P0056 Mechanistic studies of the apoptosis-inducing activity of conjugated linolenic acid on human myeloid leukaemia cells

Abstract

Background Conjugated linolenic acids (CLN) refer to a group of positionally and geometrically conjugated trienoic isomers of the C-18 polyunsaturated fatty acid (linolenic acid), which can be isolated from various plant seed oils. Recent studies have shown that CLN isomers possess diverse physiological and pharmacological activities, including hypolipidaemic, anti-oxidative, chemopreventive and antitumour properties. However, their antitumour action mechanisms on human myeloid cells remain poorly understood. Methods We tested CLN isomers in a number of human leukaemia and lymphoma cell lines.
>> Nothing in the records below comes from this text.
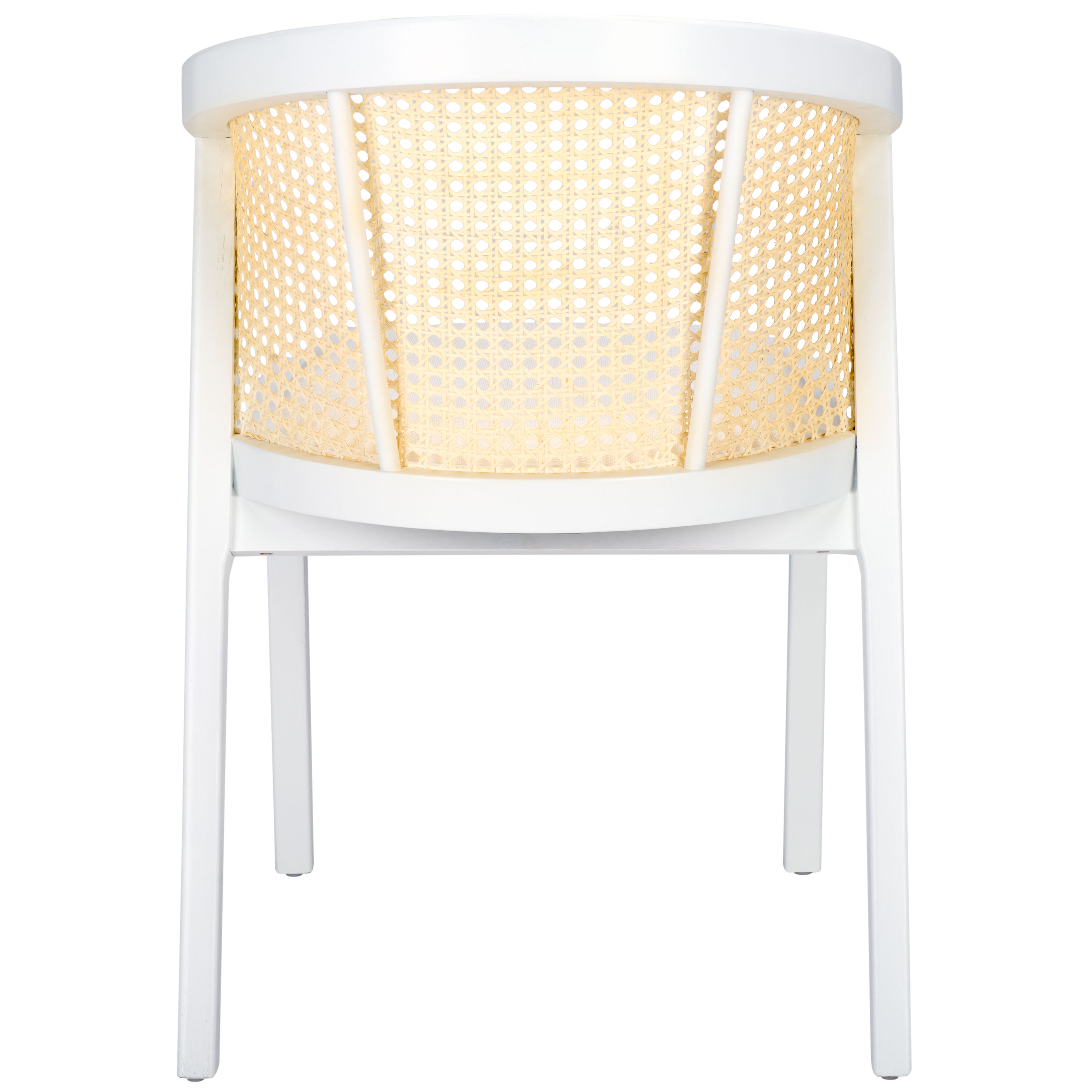 White / White - White / White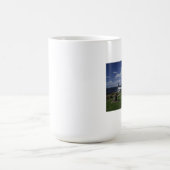 マーシャルポイントライトハウス コーヒーマグカップ (中央)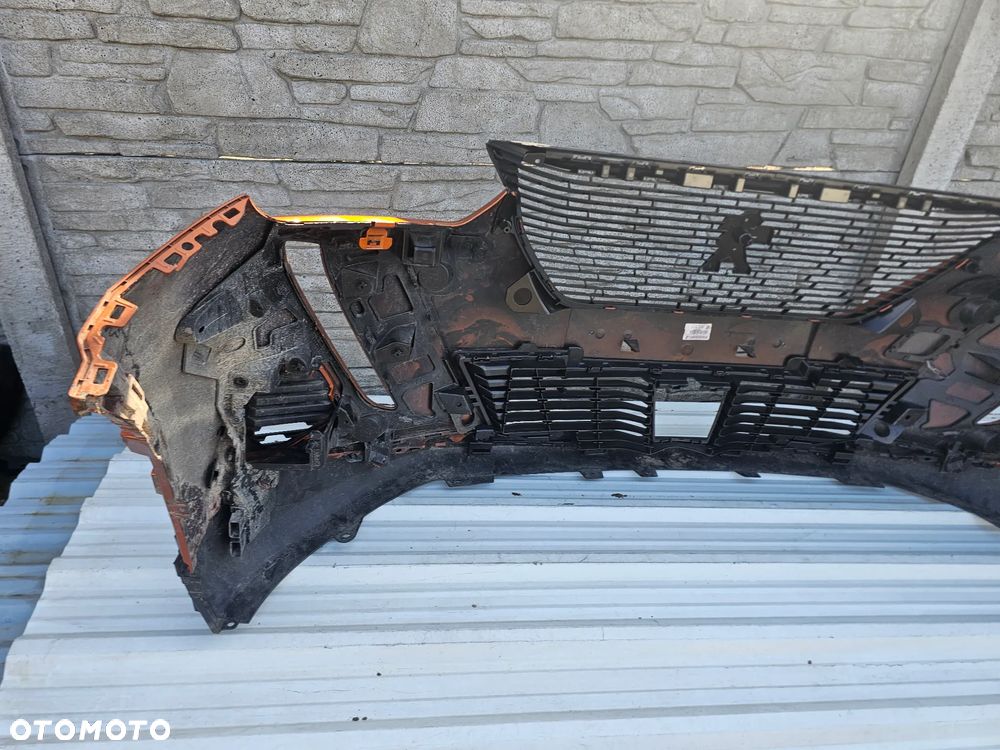 Peugeot 2008 2 II zderzak przod - 4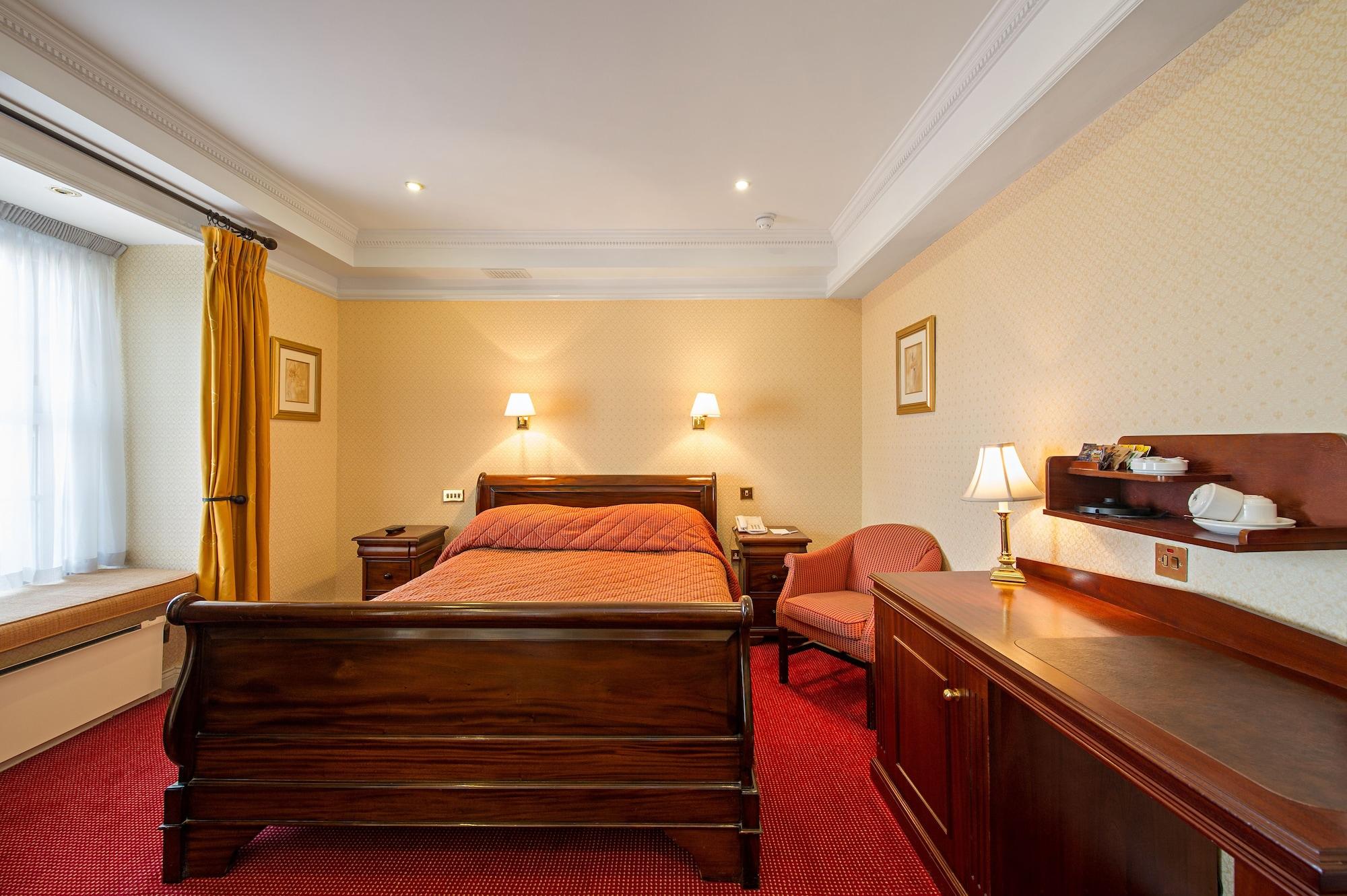 Wynn'S Hotel Dublin Eksteriør billede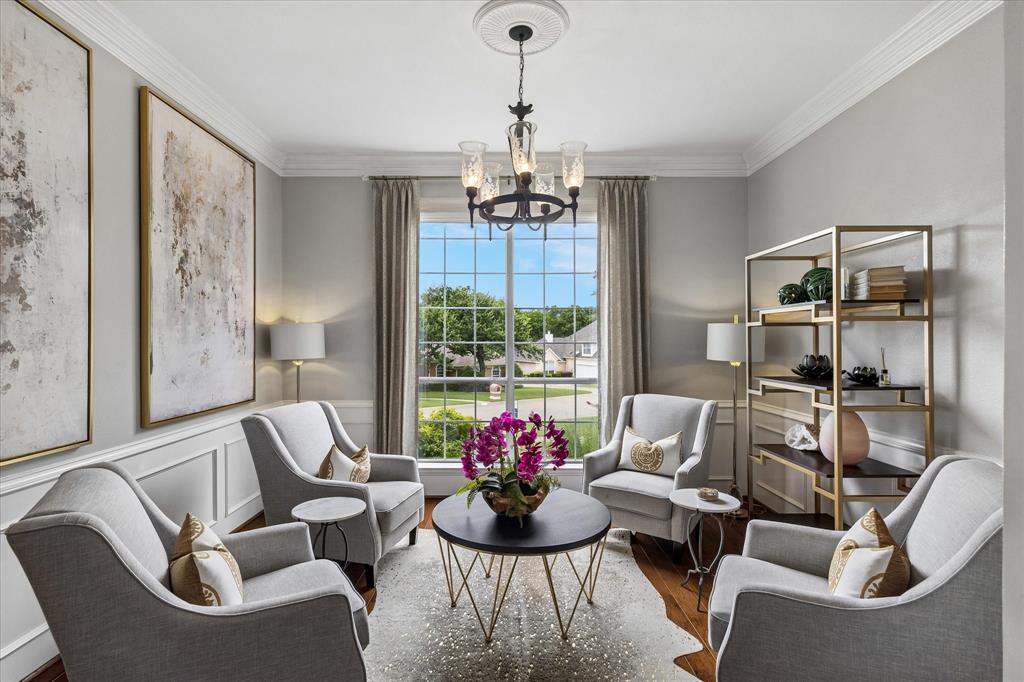 Lake Forest Village Ph 3 - Residential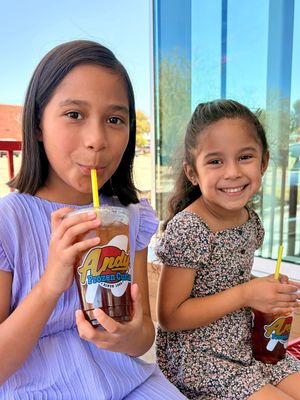 Image post by @andysfrozencustard on Instagram
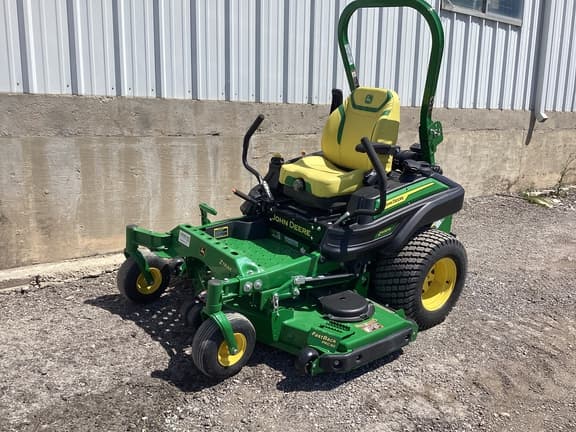 Image of John Deere Z930M equipment image 1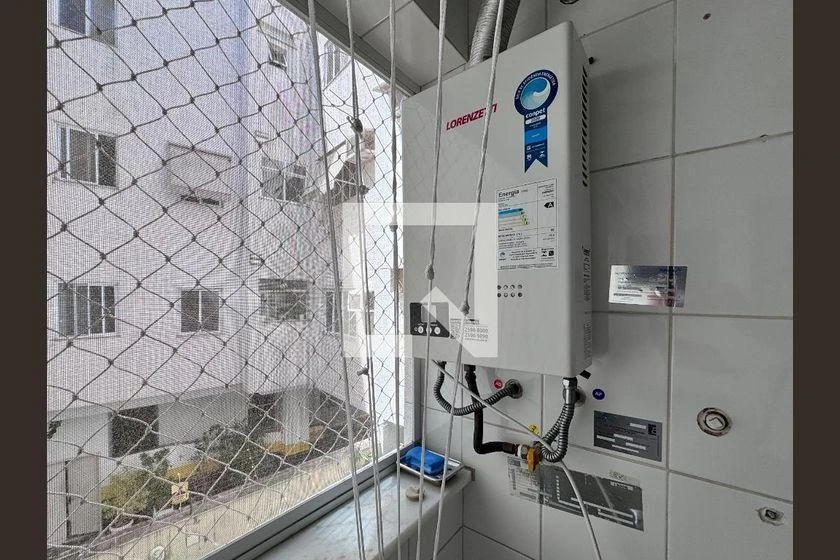 Apartamento de 3 quartos com varanda e 2 suítes — photo 42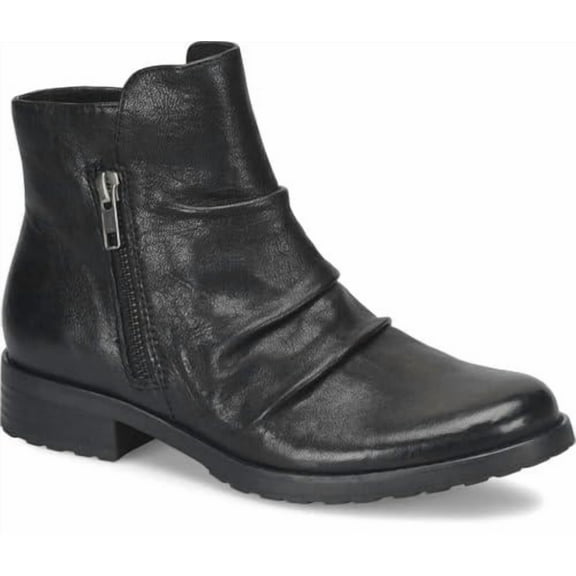 Sofft Womens Beckie II BootieS Black 6M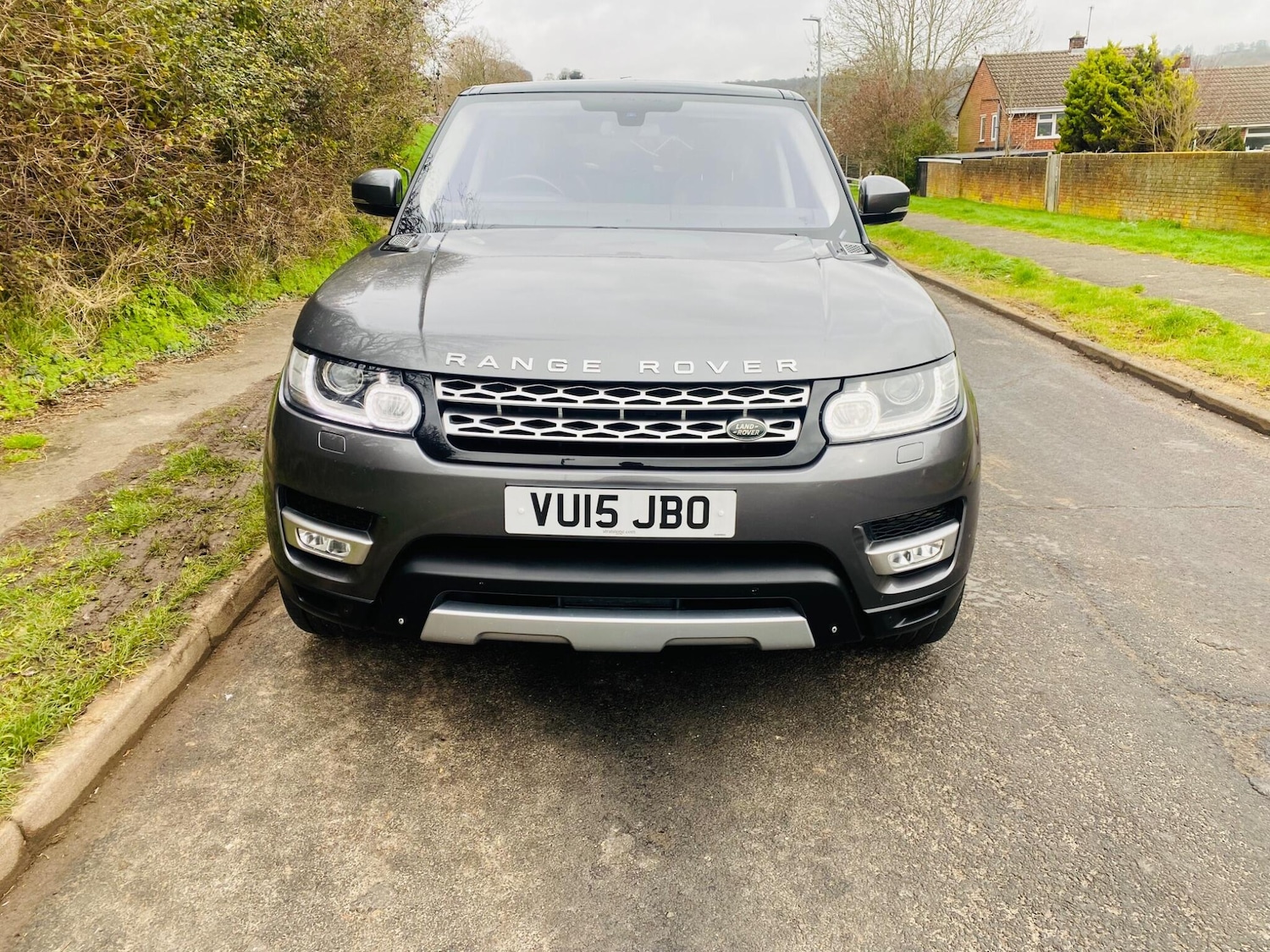 Used Land Rover Range Rover Sport 2015 for sale - 77708579: Photo 13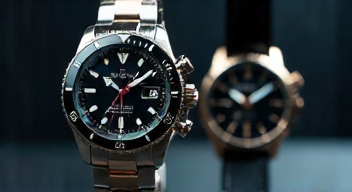 Technologische Innovation und Uhren (4/10)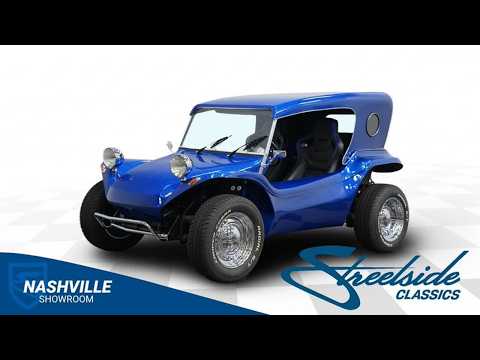 1974 Volkswagen Dune Buggy (CC-2098013) for sale in Lavergne, Tennessee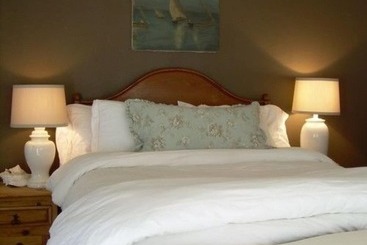 ベッドアンドブレックファースト Salmonberry Inn & Beach House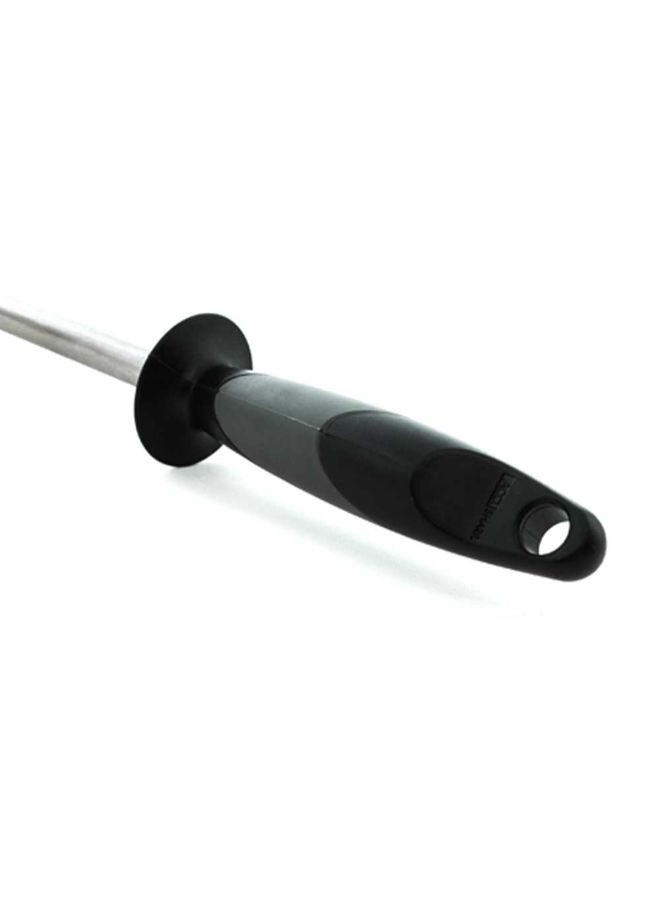 أكيو شارب أداة شحذ سكاكين للجزار من الفولاذ 14بوصة - Image 4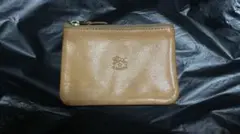 イルビゾンテ コインケース
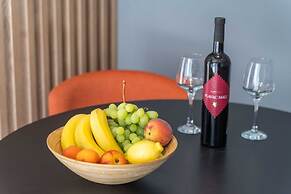 Apartments Villa Royale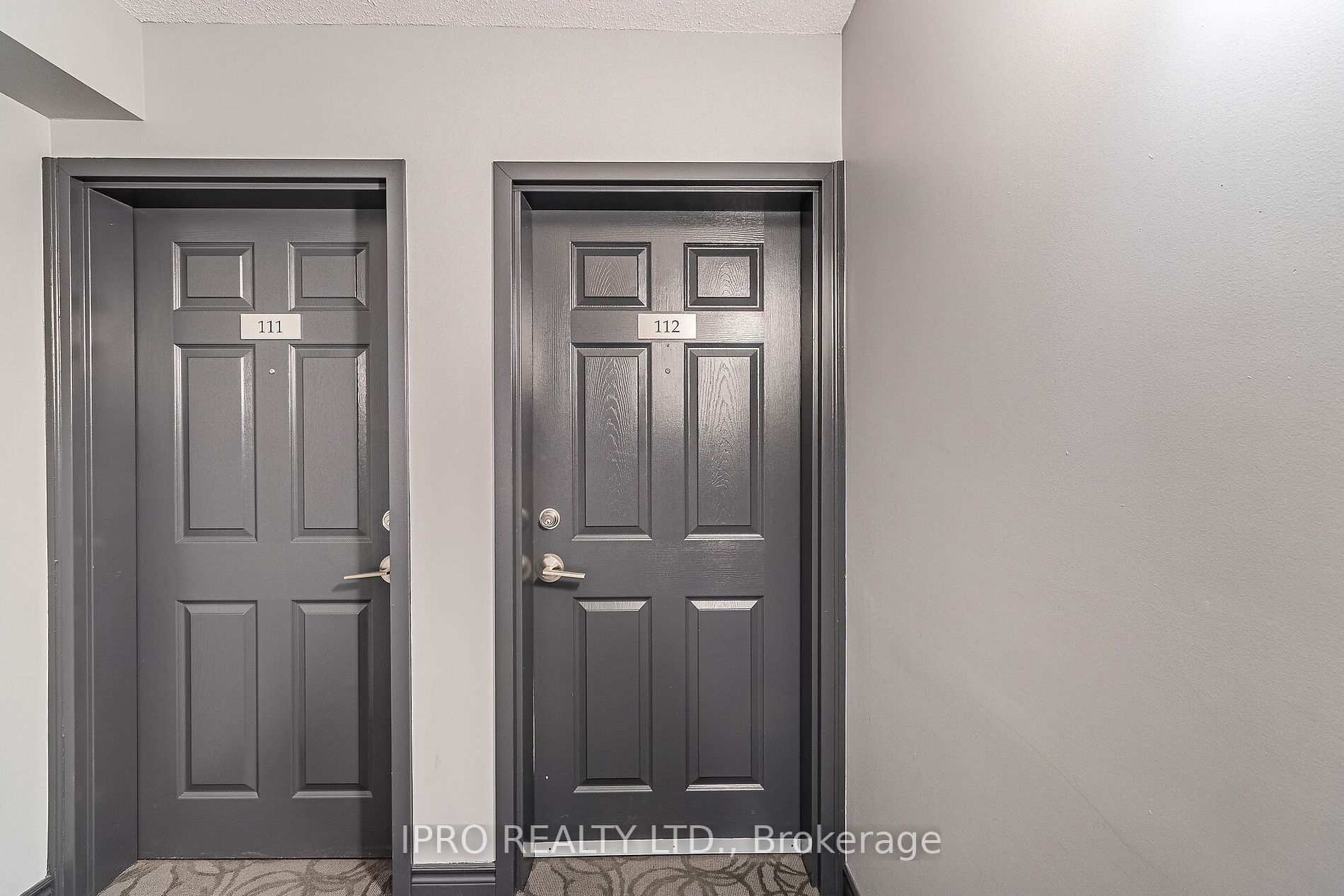 1471 Maple Avenue #112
Findings Four isomers of CLN were found to suppress the proliferation of various human myeloid leukaemia and lymphoma cell lines in a dose-dependent and time-dependent manner. The 8Z10E12Z-CLN isomer, also known as jacaric acid, is present in jacaranda seed oil and showed the most potent antiproliferative effect on human promyelocytic leukaemia HL-60 cells. This CLN isomer also potently induced apoptosis, because it induced DNA fragmentation and apoptosis in the HL-60 cells with an estimated IC50 of 2 μ mol/l at 48 h. Activation of intrinsic, but not extrinsic, apoptotic pathways by jacaric acid was shown by mitochondrial membrane depolarisation, imbalanced expression between pro-apoptotic and antiapoptotic Bcl-2 proteins, release of cytochrome c from the mitochondria to cytosol, and the differential activation of caspase-3 and caspase-9 but not caspase-8 activities in HL-60 cells. Furthermore, the jacaric acid-induced production of reactive oxygen species (ROS) and induction of DNA fragmentation in HL-60 cells were both inhibited by antioxidants. Interpretation We showed that jacaric acid might exhibit its growth-inhibitory effect on human myeloid leukaemia through triggering apoptosis in leukaemia cells. Our results suggest that jacaric acid-induced apoptosis might also be mediated through the ROS-dependent cell death pathway. More in-depth investigations are needed to show the molecular and signalling mechanisms underlying the antitumour activities of CLN isomers before they can be used for the therapeutic treatment of human myeloid leukaemia.